Within the listing below, count the lines that have the string "условиях". Answer with that number only.

***** SOURCE INFORMATION

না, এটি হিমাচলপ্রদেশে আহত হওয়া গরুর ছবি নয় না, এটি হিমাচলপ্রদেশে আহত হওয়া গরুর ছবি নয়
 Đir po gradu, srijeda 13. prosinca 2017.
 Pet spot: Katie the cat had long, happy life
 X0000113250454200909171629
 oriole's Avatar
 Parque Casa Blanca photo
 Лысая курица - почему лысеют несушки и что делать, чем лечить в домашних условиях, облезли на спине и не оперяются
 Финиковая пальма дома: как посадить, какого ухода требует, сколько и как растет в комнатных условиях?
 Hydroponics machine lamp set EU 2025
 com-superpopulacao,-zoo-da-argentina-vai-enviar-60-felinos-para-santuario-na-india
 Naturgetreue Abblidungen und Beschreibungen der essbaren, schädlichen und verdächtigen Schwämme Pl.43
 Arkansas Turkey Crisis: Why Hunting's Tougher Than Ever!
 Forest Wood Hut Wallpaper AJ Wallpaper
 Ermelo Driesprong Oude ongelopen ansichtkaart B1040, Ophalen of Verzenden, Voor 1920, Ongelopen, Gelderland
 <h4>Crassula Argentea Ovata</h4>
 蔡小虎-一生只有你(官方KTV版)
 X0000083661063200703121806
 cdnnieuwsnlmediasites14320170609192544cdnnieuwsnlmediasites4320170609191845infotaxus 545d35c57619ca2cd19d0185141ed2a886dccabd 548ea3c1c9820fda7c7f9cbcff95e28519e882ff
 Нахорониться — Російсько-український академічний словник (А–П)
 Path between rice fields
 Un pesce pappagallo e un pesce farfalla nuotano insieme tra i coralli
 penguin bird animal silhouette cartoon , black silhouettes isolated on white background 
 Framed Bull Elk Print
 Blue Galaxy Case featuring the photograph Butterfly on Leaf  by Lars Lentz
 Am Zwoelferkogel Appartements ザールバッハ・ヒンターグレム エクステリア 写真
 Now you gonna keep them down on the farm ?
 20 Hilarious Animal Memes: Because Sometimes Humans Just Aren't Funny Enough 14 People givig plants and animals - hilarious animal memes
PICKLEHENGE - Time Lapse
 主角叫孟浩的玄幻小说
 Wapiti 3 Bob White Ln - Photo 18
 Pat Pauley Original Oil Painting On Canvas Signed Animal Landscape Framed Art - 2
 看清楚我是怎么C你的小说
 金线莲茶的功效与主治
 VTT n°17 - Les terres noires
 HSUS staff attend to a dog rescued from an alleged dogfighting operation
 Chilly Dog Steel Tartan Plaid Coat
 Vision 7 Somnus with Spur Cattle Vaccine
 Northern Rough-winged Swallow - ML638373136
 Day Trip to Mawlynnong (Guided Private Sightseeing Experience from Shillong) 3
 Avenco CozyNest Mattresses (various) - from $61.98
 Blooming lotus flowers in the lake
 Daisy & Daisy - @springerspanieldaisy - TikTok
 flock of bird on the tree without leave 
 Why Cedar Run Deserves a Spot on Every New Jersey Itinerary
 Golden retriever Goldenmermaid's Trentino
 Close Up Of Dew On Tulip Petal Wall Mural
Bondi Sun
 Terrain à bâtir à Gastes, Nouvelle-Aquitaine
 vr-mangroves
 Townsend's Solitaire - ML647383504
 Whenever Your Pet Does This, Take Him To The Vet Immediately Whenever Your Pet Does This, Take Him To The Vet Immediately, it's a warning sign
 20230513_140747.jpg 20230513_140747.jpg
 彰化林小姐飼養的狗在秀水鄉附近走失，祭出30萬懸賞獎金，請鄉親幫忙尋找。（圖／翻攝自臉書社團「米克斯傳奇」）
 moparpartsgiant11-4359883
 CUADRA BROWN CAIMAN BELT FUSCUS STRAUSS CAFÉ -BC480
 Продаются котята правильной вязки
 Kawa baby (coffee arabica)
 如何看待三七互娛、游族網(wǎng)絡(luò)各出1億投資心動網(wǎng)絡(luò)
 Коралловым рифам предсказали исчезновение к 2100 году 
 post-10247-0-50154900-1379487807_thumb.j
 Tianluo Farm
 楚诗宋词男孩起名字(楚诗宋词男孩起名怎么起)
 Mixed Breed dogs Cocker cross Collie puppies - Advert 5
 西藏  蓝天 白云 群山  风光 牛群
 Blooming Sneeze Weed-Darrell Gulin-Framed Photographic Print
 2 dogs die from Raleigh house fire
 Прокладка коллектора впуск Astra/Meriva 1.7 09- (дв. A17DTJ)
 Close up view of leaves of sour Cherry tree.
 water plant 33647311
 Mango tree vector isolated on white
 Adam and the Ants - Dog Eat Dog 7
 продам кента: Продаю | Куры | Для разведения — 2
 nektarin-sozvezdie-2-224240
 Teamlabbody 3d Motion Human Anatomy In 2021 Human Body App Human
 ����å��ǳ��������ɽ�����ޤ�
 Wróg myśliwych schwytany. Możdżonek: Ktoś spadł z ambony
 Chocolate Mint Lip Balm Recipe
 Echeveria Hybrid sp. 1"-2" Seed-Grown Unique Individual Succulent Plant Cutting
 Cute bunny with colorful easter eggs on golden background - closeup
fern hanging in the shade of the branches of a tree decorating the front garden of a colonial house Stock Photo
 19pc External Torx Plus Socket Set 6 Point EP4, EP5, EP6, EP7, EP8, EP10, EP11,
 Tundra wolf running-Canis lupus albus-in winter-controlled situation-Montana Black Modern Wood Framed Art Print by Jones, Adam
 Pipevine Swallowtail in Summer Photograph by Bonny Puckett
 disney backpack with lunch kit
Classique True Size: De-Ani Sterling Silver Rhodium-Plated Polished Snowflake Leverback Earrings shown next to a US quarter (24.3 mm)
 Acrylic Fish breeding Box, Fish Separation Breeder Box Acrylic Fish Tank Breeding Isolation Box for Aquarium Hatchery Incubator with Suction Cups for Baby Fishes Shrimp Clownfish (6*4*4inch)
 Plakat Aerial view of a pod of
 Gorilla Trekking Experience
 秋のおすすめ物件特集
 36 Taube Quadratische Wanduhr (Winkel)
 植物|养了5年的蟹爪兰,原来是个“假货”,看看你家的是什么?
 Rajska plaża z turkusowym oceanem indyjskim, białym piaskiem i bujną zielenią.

**********

> SOLUTION FOR THIS TASK
2